Voz e poder
Diz-se que hoje, dia 25 de abril, é o dia da liberdade. Sim, é o dia da liberdade para se dizer o que apetece a cada um, tal como acontece nos restantes dias do ano. Embora se diga que vozes de burro não chegam ao céu, a verdade é que essas vozes tanto lá chegam hoje como em qualquer outra ocasião.
E não importa que essas vozes sejam de gente ou de animais de qualquer outra espécie. Nomeadamente a dos humanos que, com as suas vozes sensatas ou completamente destituídas de senso, à custa das liberdades incontroladas por quem as emite, a custo toleradas por quem as ouve, ou abusivamente ofensivas para quem se quer atingir, de todas essas vozes houve muito ou pouco nos discursos que abundaram na Assembleia da República, com a participação do Chefe do Estado.
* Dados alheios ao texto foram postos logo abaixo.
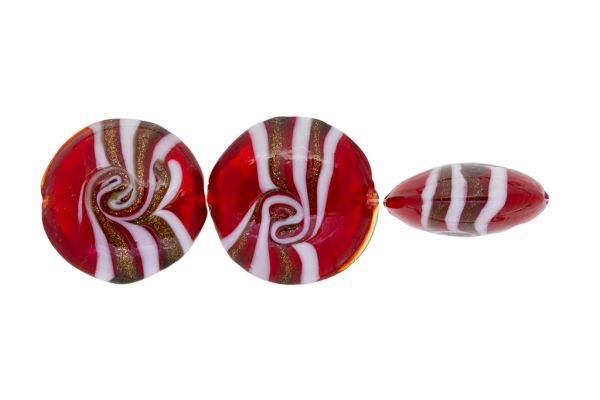 GLASS BEADS - MURANO STYLE - BONIBON WITH SPIRAL - TRANSPARENT - 29х13mm BORDEAUX-WHITE-GOLD - 30pcs. Hole:1.5mm
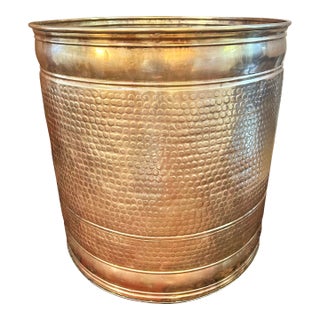 Mid 20th Century Extra Large Hammered Brass Planter or Fireplace Log Holder For Sale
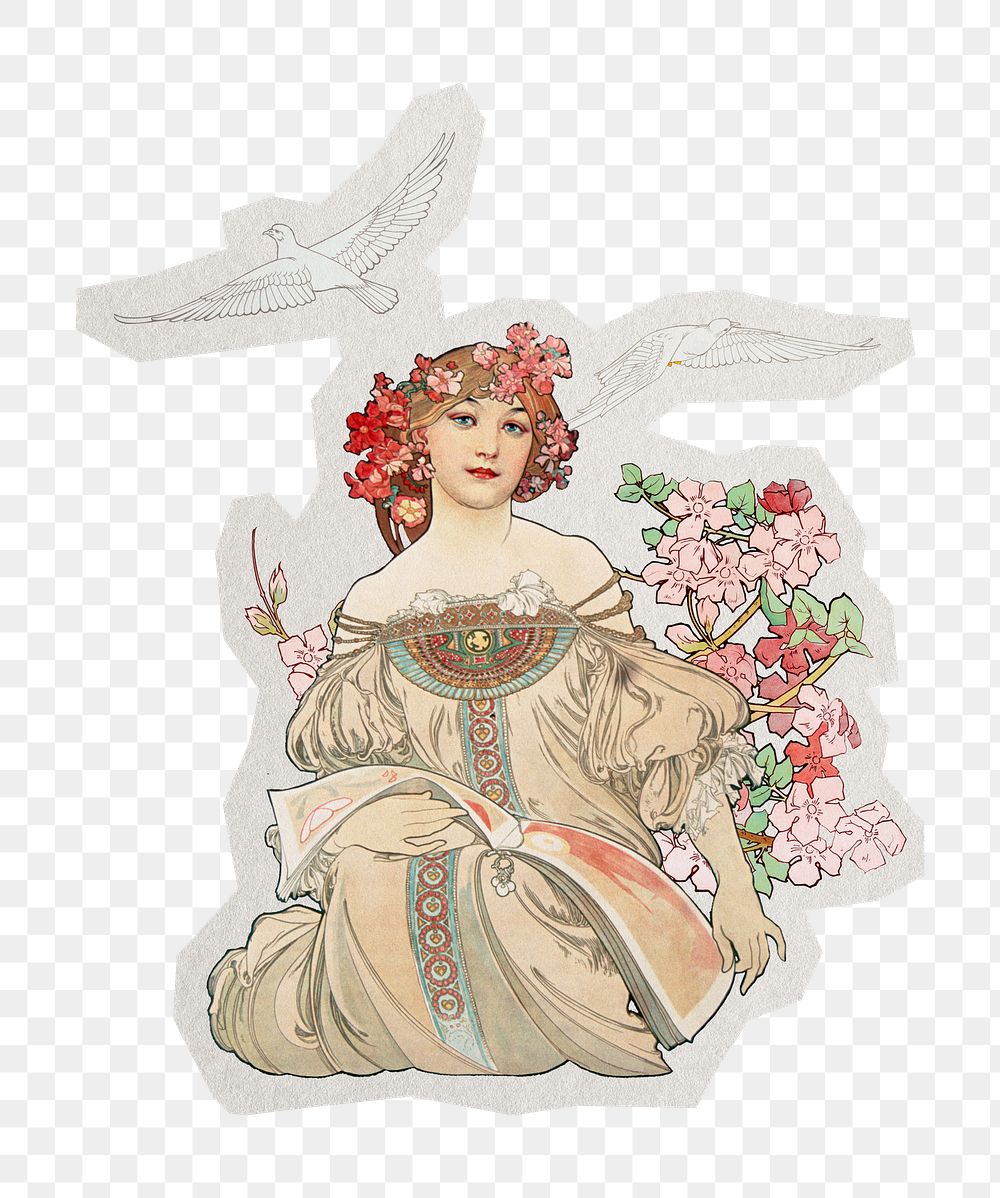PNG vintage floral lady sticker with white border, transparent background, artwork remixed by rawpixel.
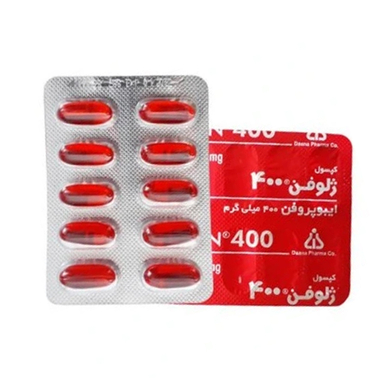 کپسول ژلوفن 400 میلی گرم دانا یک ورق 10 عددی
Houve de tudo na variedade e na qualidade dessas intervenções. Repetições verificadas em discursos que nunca mudaram nos quarenta e sete anos que leva de existência a nossa democracia para uns, consolidada, para outros, inexistente. Discursos chatos como a potassa. Discursos feitos para embalar meninos. Discursos envenenados, para hipnotizar velhinhos. Discursos de oradores excitados, para ouvintes adormecidos. Discursos violentos, para gente que aceita tudo. Discursos ‘calminhos’, para quem está bem recostado. E mais o que nos deu o quarenta e sete.
Até houve ofertas de colaboração para mudar o que está mal, sabendo-se que essas colaborações têm o preço de compra de interesses individuais ou de grupo. Até houve vozes que se consideram com legitimidade para mudar o poder, quando o poder não se muda com discursos isolados. Até houve um cravo branco, cravos vermelhos na mão, na lapela e no bolsinho do casaco. Até houve muitos participantes que desdenharam ou detestaram cravos. Há quarenta e sete anos que é assim. Neste dia todos querem mudanças. Mas cada um quer as suas. As mudanças alheias, ficam no ar para daqui a um ano. Para o 48, se um deus maior quiser.